------ Task material ------

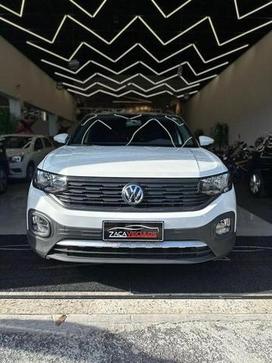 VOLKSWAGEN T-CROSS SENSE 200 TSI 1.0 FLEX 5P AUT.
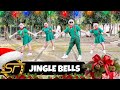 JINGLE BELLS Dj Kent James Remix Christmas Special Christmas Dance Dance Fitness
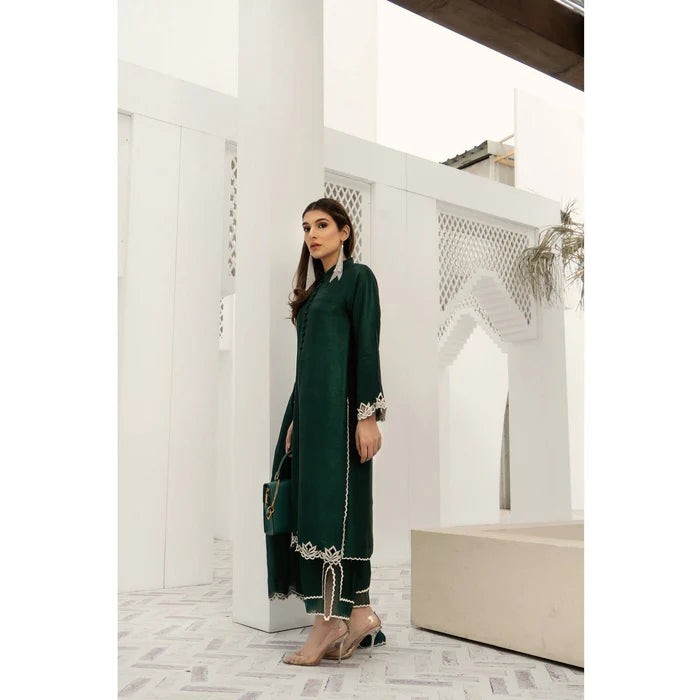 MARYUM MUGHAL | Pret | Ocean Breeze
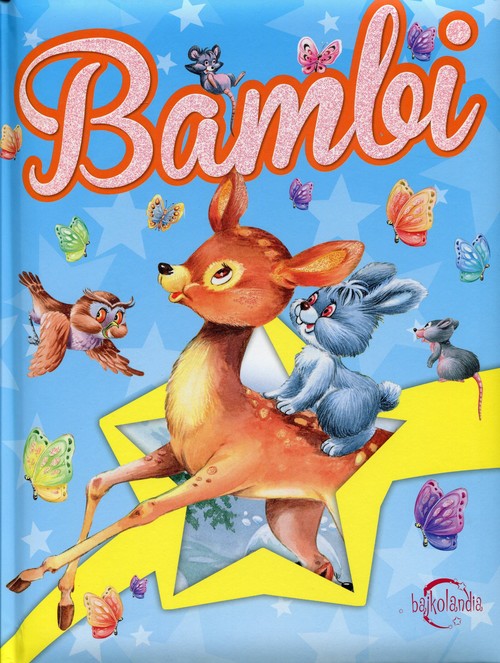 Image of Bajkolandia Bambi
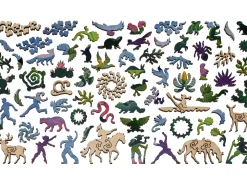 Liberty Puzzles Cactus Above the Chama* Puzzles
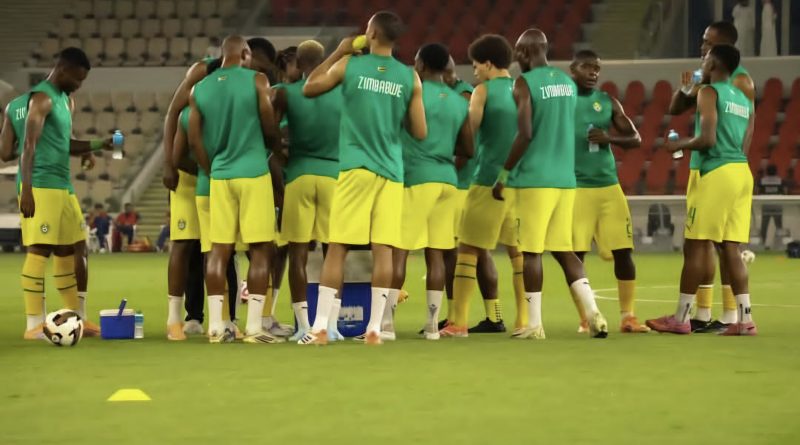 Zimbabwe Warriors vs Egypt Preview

------
------ Task material ------

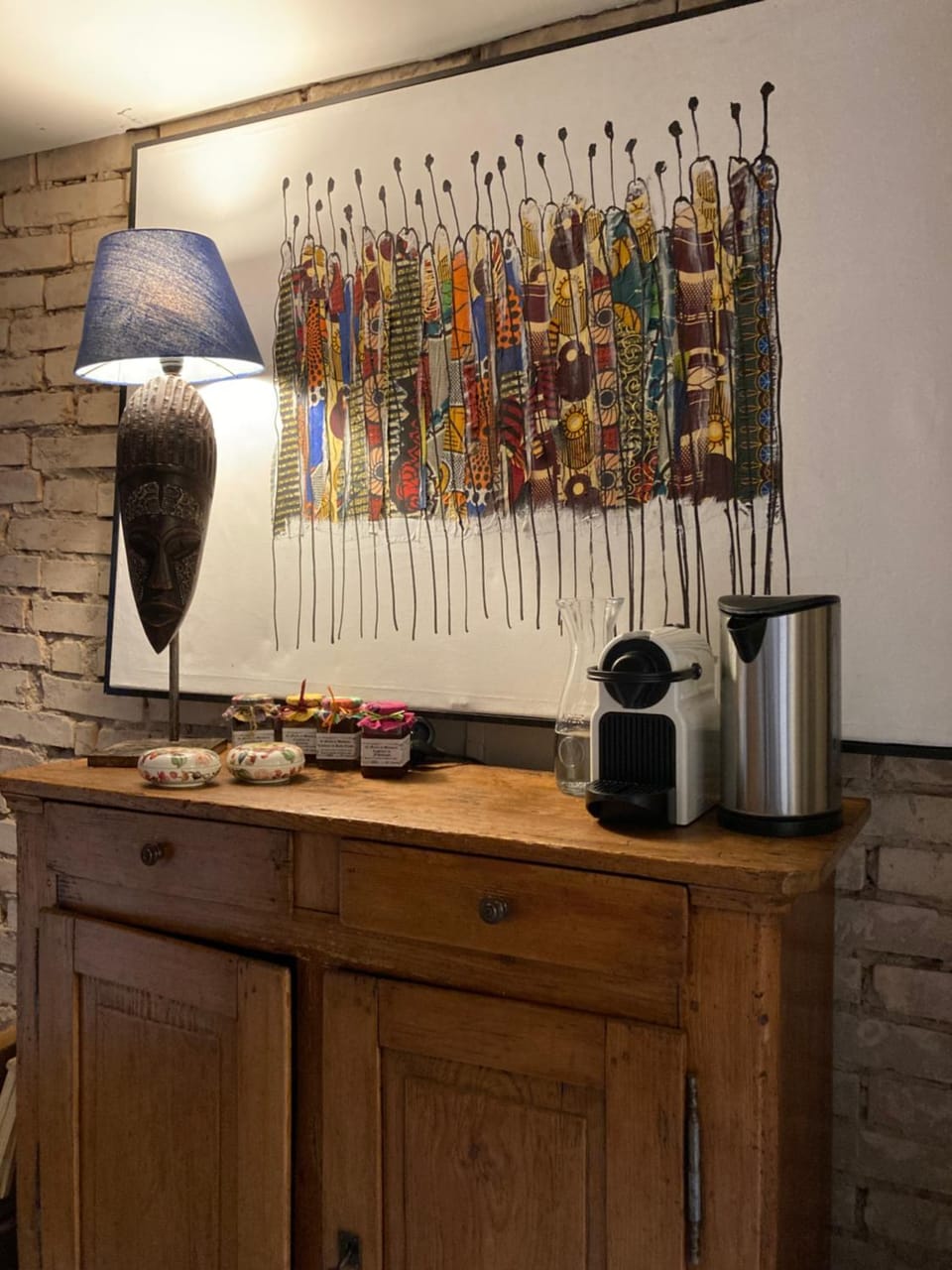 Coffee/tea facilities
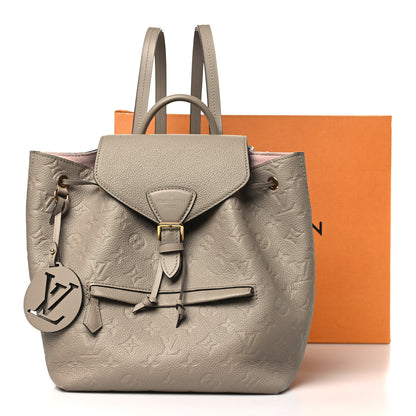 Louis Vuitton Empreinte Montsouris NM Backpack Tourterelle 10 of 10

------

Beginning at the line above that contains "VOLKSWAGEN T-CROSS SENSE", repeat each line exactly through the one that contains "Zimbabwe Warriors vs Egypt Preview", and leave out the pictures.

- **Result for this exercise**
 VOLKSWAGEN T-CROSS SENSE 200 TSI 1.0 FLEX 5P AUT.
 JINGLE BELLS Dj Kent James Remix Christmas Special Christmas Dance Dance Fitness
 MARYUM MUGHAL | Pret | Ocean Breeze
 Image of Bajkolandia Bambi
 Liberty Puzzles Cactus Above the Chama* Puzzles
 Zimbabwe Warriors vs Egypt Preview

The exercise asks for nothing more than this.